| Work order |
Omit all pictures and transcribe only the lines in the entries below that run from the line with "MARRUECOS. 1926. ALUCEMAS" through the line with "Skateboard d’astronaute dans".

| Exercise material |
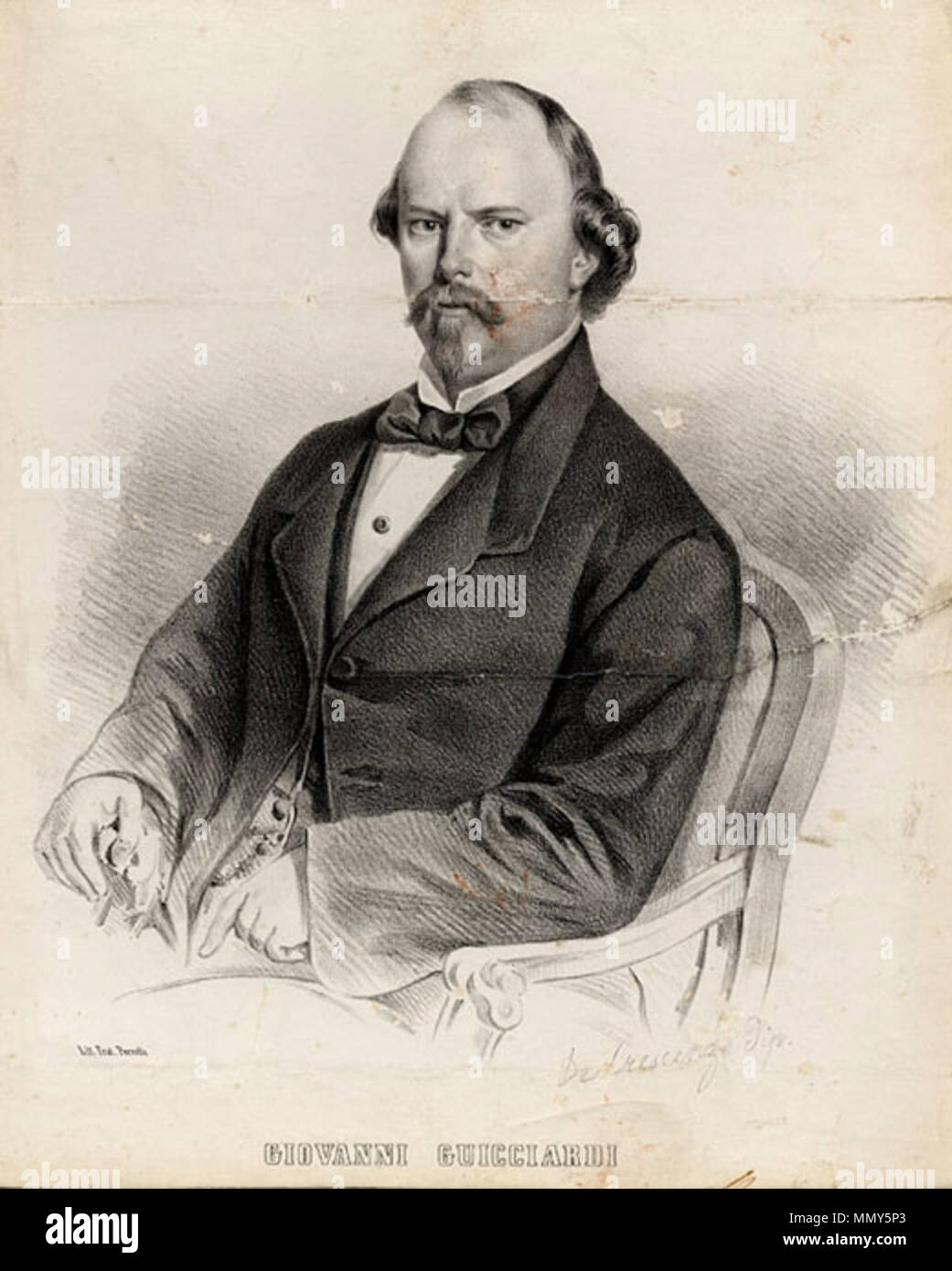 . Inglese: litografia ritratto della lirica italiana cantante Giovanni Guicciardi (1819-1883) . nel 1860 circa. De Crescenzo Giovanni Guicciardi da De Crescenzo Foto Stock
* * *
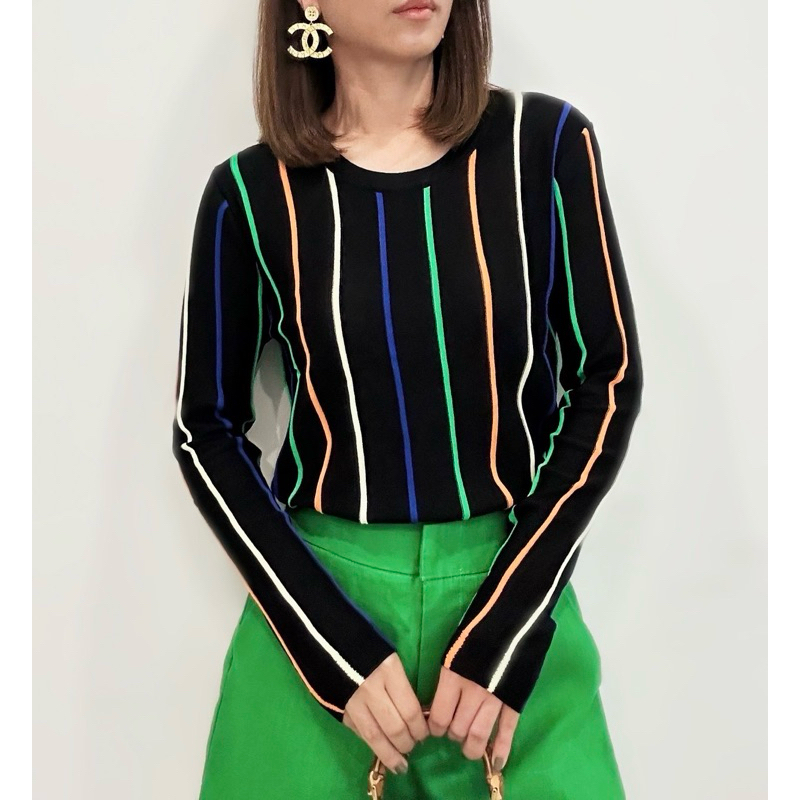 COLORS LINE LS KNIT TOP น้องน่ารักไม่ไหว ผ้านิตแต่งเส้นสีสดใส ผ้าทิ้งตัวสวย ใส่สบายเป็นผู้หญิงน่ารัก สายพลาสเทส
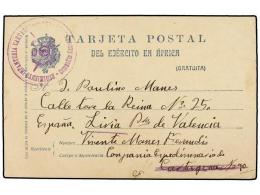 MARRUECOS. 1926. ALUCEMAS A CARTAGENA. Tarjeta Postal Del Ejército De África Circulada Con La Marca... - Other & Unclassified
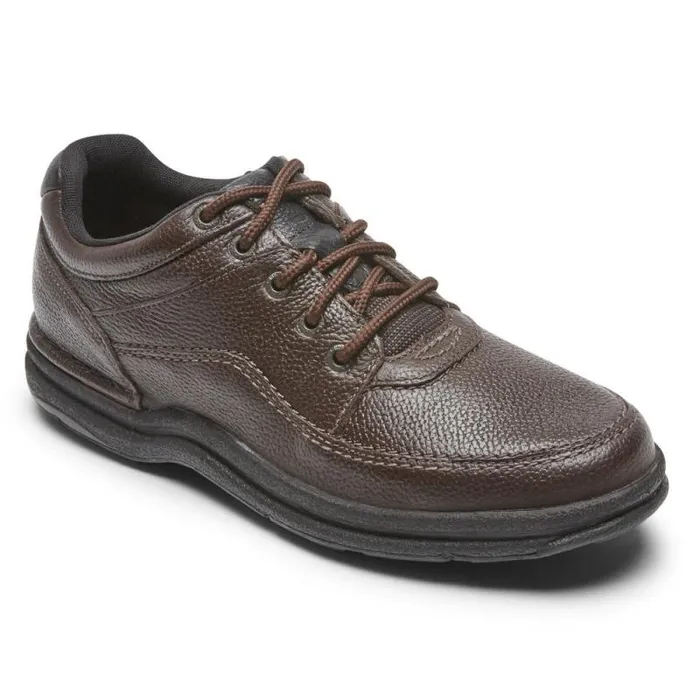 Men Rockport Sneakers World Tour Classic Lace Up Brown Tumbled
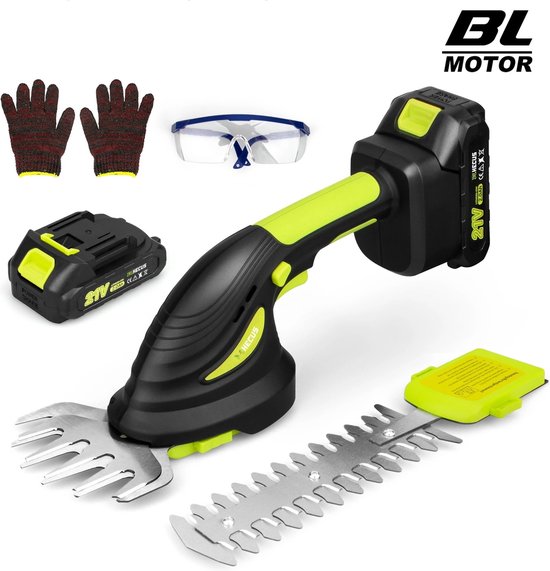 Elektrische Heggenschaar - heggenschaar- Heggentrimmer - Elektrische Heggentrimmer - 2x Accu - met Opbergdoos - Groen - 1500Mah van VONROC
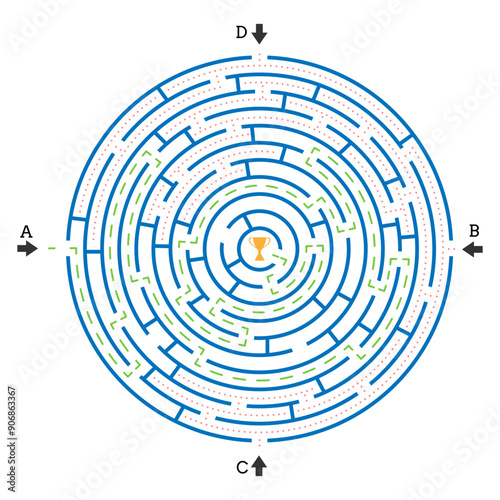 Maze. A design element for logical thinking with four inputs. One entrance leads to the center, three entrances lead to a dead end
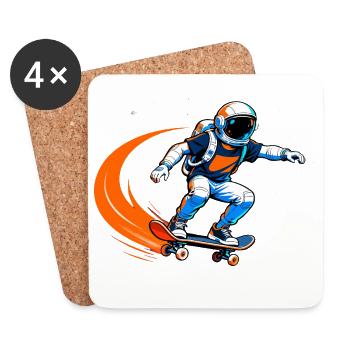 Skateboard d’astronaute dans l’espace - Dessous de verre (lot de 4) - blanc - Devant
---
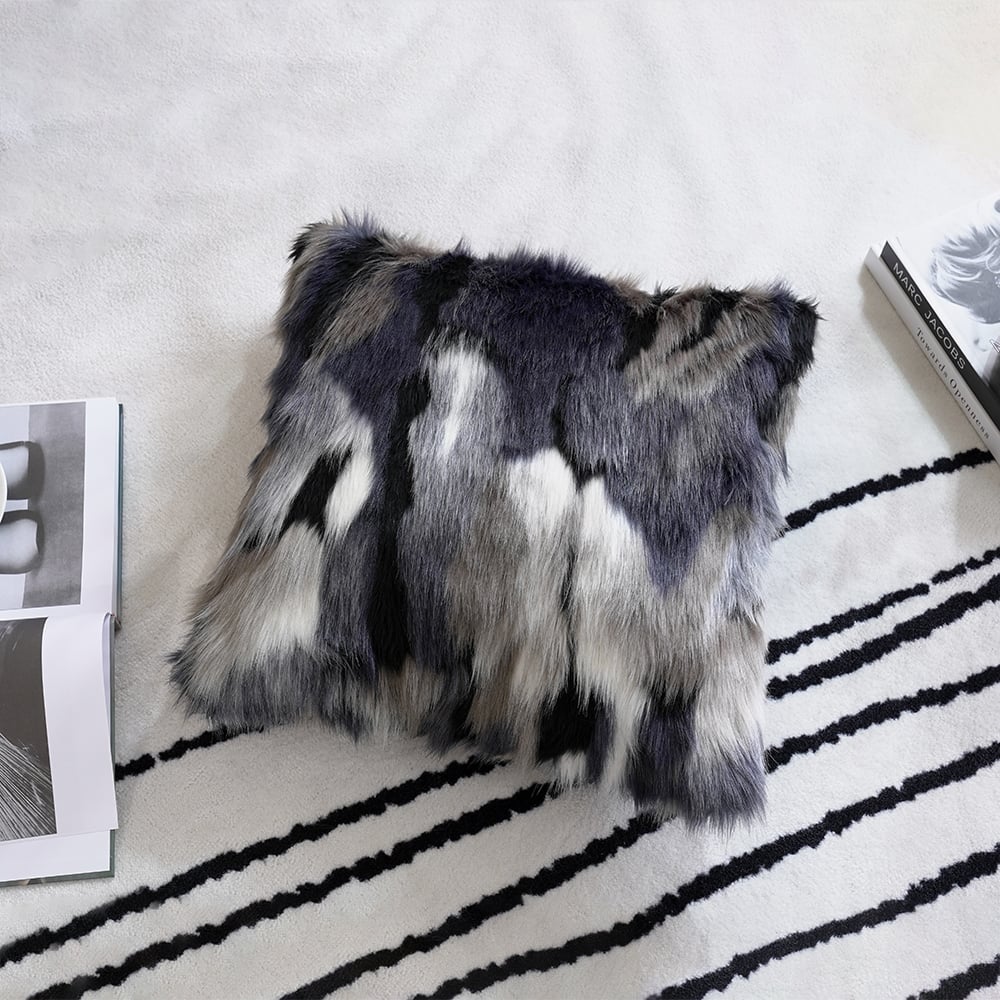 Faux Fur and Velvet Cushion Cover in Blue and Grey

| Response |
 MARRUECOS. 1926. ALUCEMAS A CARTAGENA. Tarjeta Postal Del Ejército De África Circulada Con La Marca... - Other & Unclassified
 Men Rockport Sneakers World Tour Classic Lace Up Brown Tumbled
 Elektrische Heggenschaar - heggenschaar- Heggentrimmer - Elektrische Heggentrimmer - 2x Accu - met Opbergdoos - Groen - 1500Mah van VONROC
 Maze. A design element for logical thinking with four inputs. One entrance leads to the center, three entrances lead to a dead end
 Skateboard d’astronaute dans l’espace - Dessous de verre (lot de 4) - blanc - Devant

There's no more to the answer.